“Berdasarkan novel-novel, kalau kita memiliki mimpi tuliskan mimpi itu dikertas dan tempelkan di dahi seperti ini,” suara suami tiba-tiba terdengar memecah keheningan di rumah kecil kami di Hackett.
Beberapa detik kemudian, saya tertawa terpingkal-pingkal melihat sebuah kertas tertempel tepat di dahinya. Meski hanya berasal dari cerita novel, tampaknya alur cerita yang dengan cerdas dibawakan oleh penulis Buku 5 cm itu telah memberi inspirasi besar baginya.

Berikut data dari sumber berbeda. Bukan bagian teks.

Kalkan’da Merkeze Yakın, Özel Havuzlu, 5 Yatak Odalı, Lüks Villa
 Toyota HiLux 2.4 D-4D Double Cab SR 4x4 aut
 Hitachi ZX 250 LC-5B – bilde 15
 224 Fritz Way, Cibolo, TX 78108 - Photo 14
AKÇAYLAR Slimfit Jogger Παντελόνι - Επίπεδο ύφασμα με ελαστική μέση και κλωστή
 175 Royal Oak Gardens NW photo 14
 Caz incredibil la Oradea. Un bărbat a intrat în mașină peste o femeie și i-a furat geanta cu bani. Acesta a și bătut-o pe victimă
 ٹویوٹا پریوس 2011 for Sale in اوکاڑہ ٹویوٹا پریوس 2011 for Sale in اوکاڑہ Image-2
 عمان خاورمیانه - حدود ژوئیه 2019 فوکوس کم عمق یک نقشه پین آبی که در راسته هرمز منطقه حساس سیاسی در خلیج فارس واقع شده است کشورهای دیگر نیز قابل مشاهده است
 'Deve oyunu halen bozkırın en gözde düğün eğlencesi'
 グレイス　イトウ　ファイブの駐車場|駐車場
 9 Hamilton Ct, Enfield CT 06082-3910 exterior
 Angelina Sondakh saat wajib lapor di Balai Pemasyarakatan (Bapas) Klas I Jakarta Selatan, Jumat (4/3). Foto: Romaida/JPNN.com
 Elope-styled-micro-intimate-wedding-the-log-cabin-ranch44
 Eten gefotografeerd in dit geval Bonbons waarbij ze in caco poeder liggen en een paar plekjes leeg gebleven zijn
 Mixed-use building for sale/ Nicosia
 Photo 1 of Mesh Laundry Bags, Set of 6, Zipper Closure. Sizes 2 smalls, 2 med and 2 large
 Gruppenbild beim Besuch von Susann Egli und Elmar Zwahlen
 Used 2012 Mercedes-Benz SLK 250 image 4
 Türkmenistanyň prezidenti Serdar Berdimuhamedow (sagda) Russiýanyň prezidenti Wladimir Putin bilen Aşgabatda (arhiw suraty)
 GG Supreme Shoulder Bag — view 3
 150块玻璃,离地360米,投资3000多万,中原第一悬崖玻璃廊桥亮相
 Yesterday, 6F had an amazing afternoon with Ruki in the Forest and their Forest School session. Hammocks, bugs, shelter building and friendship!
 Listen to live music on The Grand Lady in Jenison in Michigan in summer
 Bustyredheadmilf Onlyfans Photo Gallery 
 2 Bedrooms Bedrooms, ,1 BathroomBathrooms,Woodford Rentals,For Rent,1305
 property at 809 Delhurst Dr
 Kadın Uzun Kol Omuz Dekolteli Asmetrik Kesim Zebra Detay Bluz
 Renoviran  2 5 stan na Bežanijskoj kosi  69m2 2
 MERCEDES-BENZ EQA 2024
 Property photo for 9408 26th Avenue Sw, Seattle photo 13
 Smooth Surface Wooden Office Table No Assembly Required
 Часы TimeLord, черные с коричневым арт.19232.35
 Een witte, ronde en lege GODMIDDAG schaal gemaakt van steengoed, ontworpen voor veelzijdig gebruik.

“Kita buat saja buku impian, kalau kita punya mimpi maka gambarkan mimpi itu dibuku, dan mudah-mudahan dengan melihatnya kita bisa termotivasi untuk mencapainya, gimana?” ujarnya antusias. Saya mengangguk sepakat.
Tidak lama setelah itu kami memutuskan untuk membeli buku sketsa kosong dan mulai menempeli buku impian kami dengan gambar tempat-tempat yang ingin kami kunjungi dan impian-impian besar kami di masa depan. Semua tempat-tempat yang ingin kami datangi serta milestones yang ingin kami capai tertata rapi di dalam buku berukuran 30cmx20 cm itu.
Kalaupun mimpi itu tidak terwujud, setidaknya kami telah berani bermimpi. Kalaupun Allah berkehendak lain, setidaknya kami telah berani berencana. Dan tugas kami sejak 2 tahun yang lalu, saat ini, dan dimasa yang akan datang , adalah berjuang sekuat tenaga untuk mencapainya.